販売促進型価格設定
価格設定には、原価などよりも販売促進に重点を置いたものがあります。
通例、価格設定は、設定の視点は様々ですが、原価を割らないことが鉄則です。
しかし、ときには一部の製品を捨石(ロスリーダー)的に用いて、意図的に原価を大きく割りこむ価格設定が行われる場合もあります。
価格自体に販促効果はありませんが、設定方法によって販促機能を持たせることができます。例えば、「今日の目玉製品」などと称して、破格のプロダクトが店頭に並ぶことがあります。

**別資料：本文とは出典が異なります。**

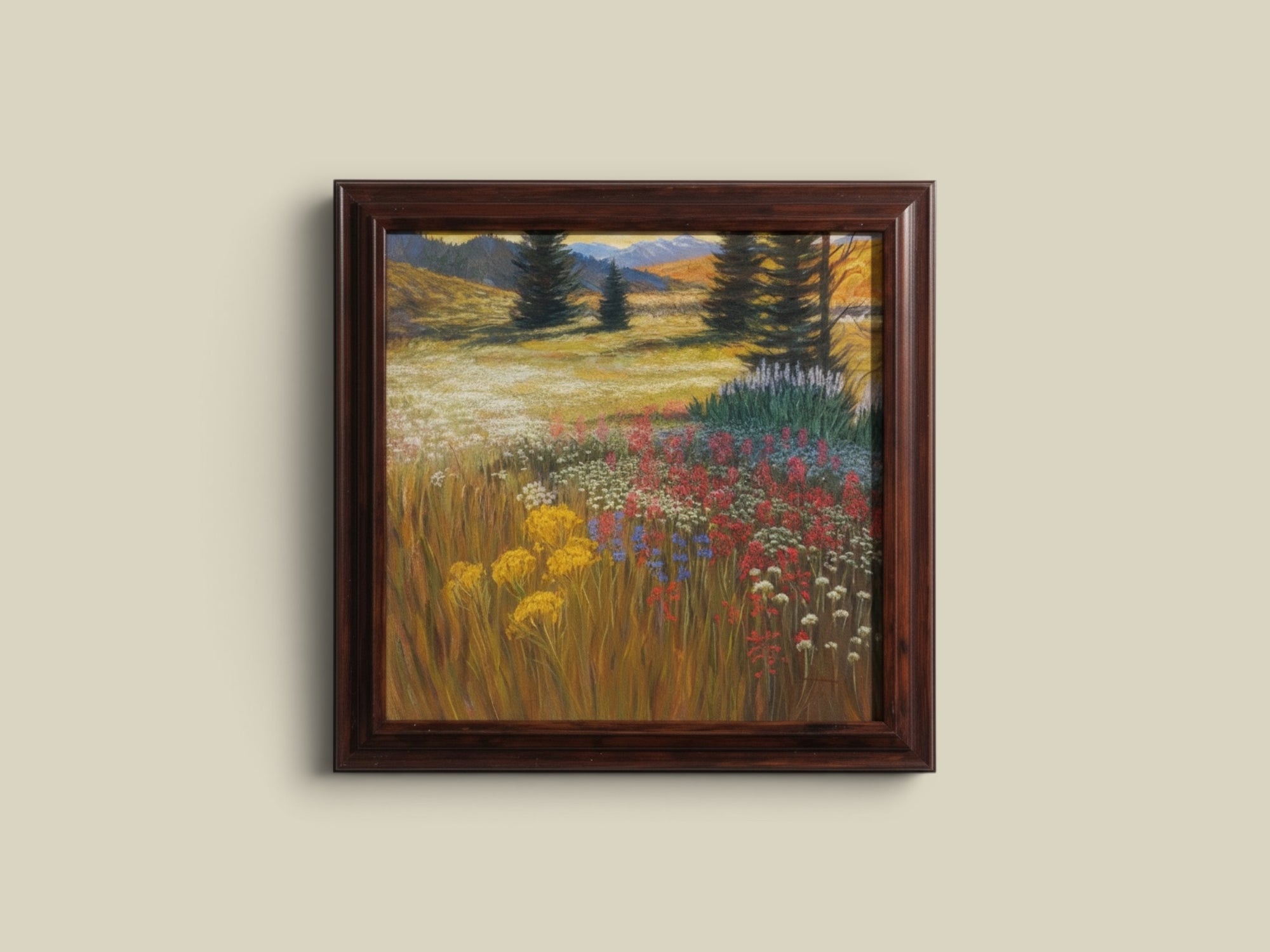 Phantom Hill Wildflowers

通常価格が10個で200円程度の卵が4分の1の50円で売られたり、家電量販店の開店イベントでカラーテレビが5,000円で売られたりする場合などが販売促進型価格設定の一例です。
このような価格設定を「ロスリーダー価格設定」といいます。
スポーツプロダクトでも同じような例があります。
あるテニススクールで入会金無料やテニスラケットプレゼントを特典として、新規顧客の獲得を目指したとします。
この場合、スクール側は入会時点ですぐに利益を確保しようとは考えていません。
あくまでこれらの特典で顧客を呼び込み、継続して利用してもらうことで、利益を出そうと考えているのです。
美容室などでも「定価1万円のコースを初回の方に限り3,000円!」などという見出しで新規顧客の獲得を図ることがあります。
この場合もまず自店の雰囲気や技術を試してもらい、後に続けて利用してもらおうという意図が含まれています。
ただし、競合が多い場合は他店も同じ戦略をとる場合が多く、いわゆる「美容室ジプシー」のように初回割引を狙って、各店舗をわたり歩く顧客もいます。
このような顧客はチェリーピッカー(イイトコどり)と呼ばれることもあり、消費者は非常にシビアな行動をとります。
この点を理解し新規顧客獲得が成功した後の関係作りについての検討も不可欠です。